Heap Sort as Priority Queue:

Algorithm: Uses a binary heap data structure. It first builds a max-heap from the input data. Then, it repeatedly extracts the maximum element from the heap (which is the root), swaps it with the last element, reduces the heap size, and calls heapify on the new root.


HEAPIFY(arr, n, i): // To maintain max-heap property
  largest = i
  left = 2*i + 1
  right = 2*i + 2
  IF left < n AND arr[left] > arr[largest] THEN
    largest = left
  IF right < n AND arr[right] > arr[largest] THEN
    largest = right
  IF largest != i THEN
    SWAP(arr[i], arr[largest])
    HEAPIFY(arr, n, largest)

HEAP_SORT(arr, n):
  FOR i FROM n/2 - 1 DOWNTO 0 DO // Build max-heap
    HEAPIFY(arr, n, i)
  FOR i FROM n-1 DOWNTO 0 DO // Extract elements one by one
    SWAP(arr[0], arr[i])
    HEAPIFY(arr, i, 0) // Call heapify on reduced heap

Time Complexity: Building heap is O(n). Sorting is O(n log n).

Big O Notation and Efficiency of Sorting

A comparison of common sorting algorithms:

Algorithm	Best Case	Average Case	Worst Case	Space Complexity
Bubble Sort	O(n)	O(n²)	O(n²)	O(1)
Insertion Sort	O(n)	O(n²)	O(n²)	O(1)
Selection Sort	O(n²)	O(n²)	O(n²)	O(1)
Merge Sort	O(n log n)	O(n log n)	O(n log n)	O(n)
Heap Sort	O(n log n)	O(n log n)	O(n log n)	O(1)
Radix Sort	O(d*(n+b))	O(d*(n+b))	O(d*(n+b))	O(n+b)
Shell Sort	O(n log n)	O(n log² n)	O(n^1.5)	O(1)

Search Techniques

Sequential Search (Linear Search):

Algorithm: Checks each element in the list sequentially until a match is found or the end of the list is reached.

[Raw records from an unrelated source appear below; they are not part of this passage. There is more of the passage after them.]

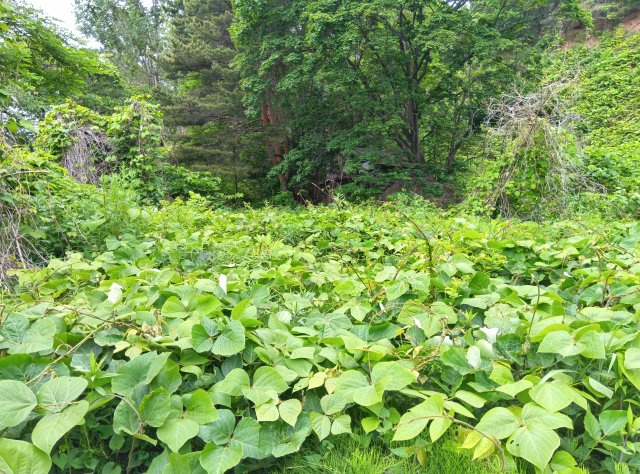 外観：301000102810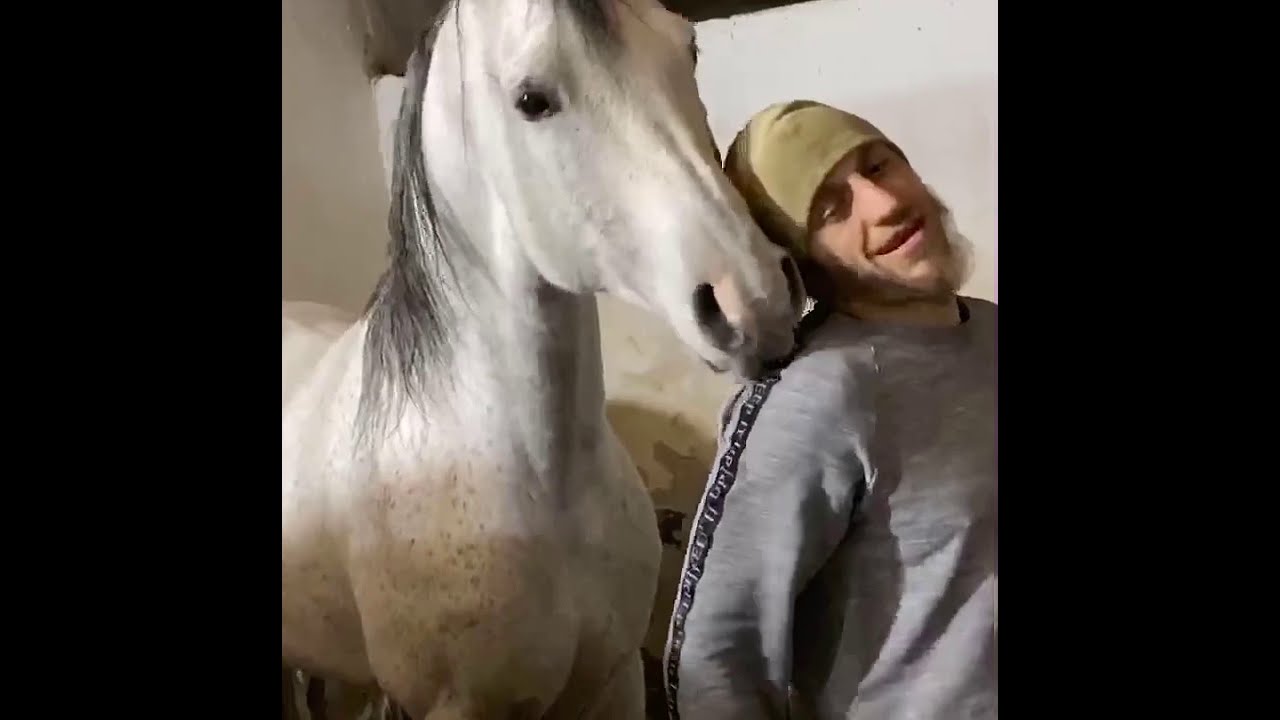 Любовь и забота у Ислама к лошадям безгранична 🤝Лошади разных пород. Английские, Арабские и Терские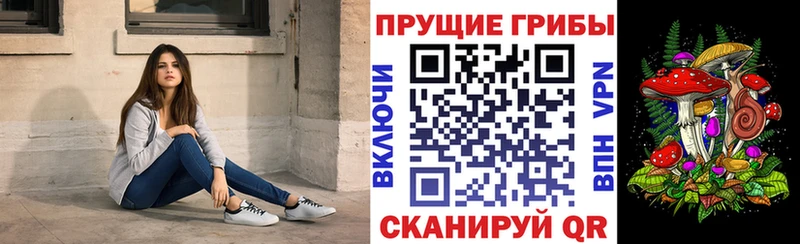 кракен как зайти  Нижний Ломов  Галлюциногенные грибы MAGIC MUSHROOMS  где купить наркоту 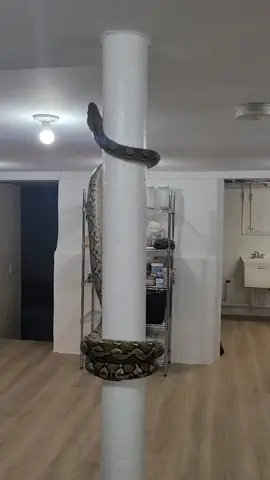 #ularbesar #ular menyeramkan 😱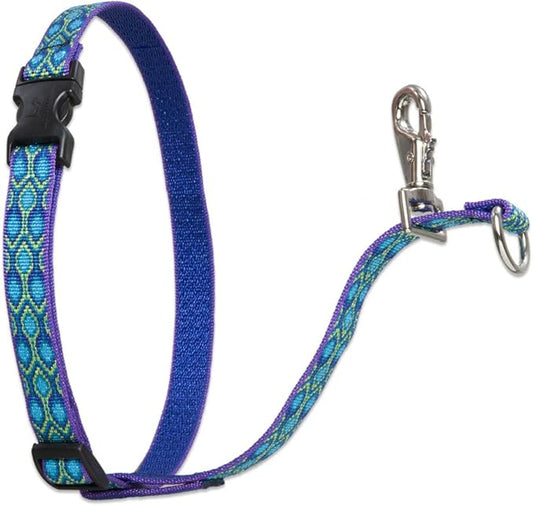 LupinePet Originals 3/4" Rain Song 16-26" No Pull Harness for Small-Medium Dogs
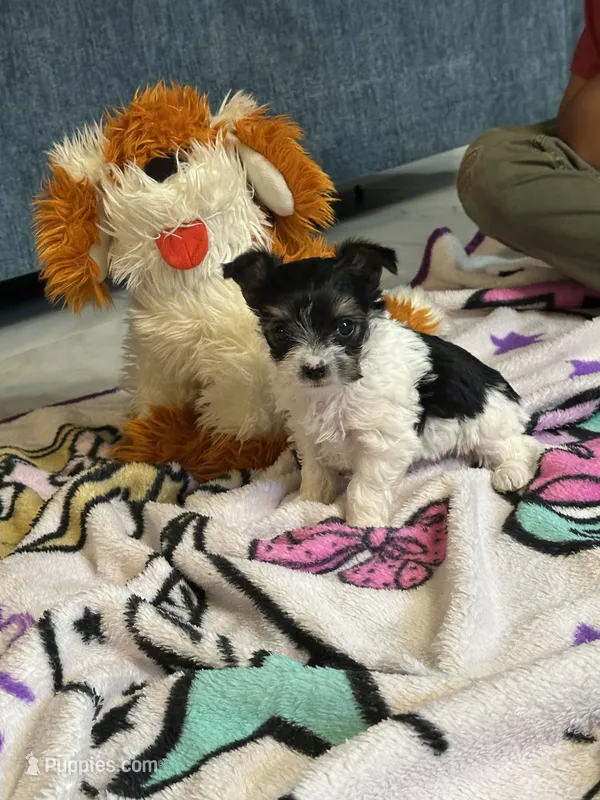 Buddy – Yorkshire Terrier puppy for sale in Rapidan, VA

SEQUENTIAL_SEARCH(arr, n, target):
  FOR i FROM 0 TO n-1 DO
    IF arr[i] == target THEN
      RETURN i // Element found at index i
  RETURN -1 // Element not found

Time Complexity: O(n).

Binary Search:
Algorithm: Efficiently finds an element in a sorted list. It repeatedly divides the search interval in half. If the value of the search key is less than the item in the middle of the interval, narrow the interval to the lower half. Otherwise, narrow it to the upper half.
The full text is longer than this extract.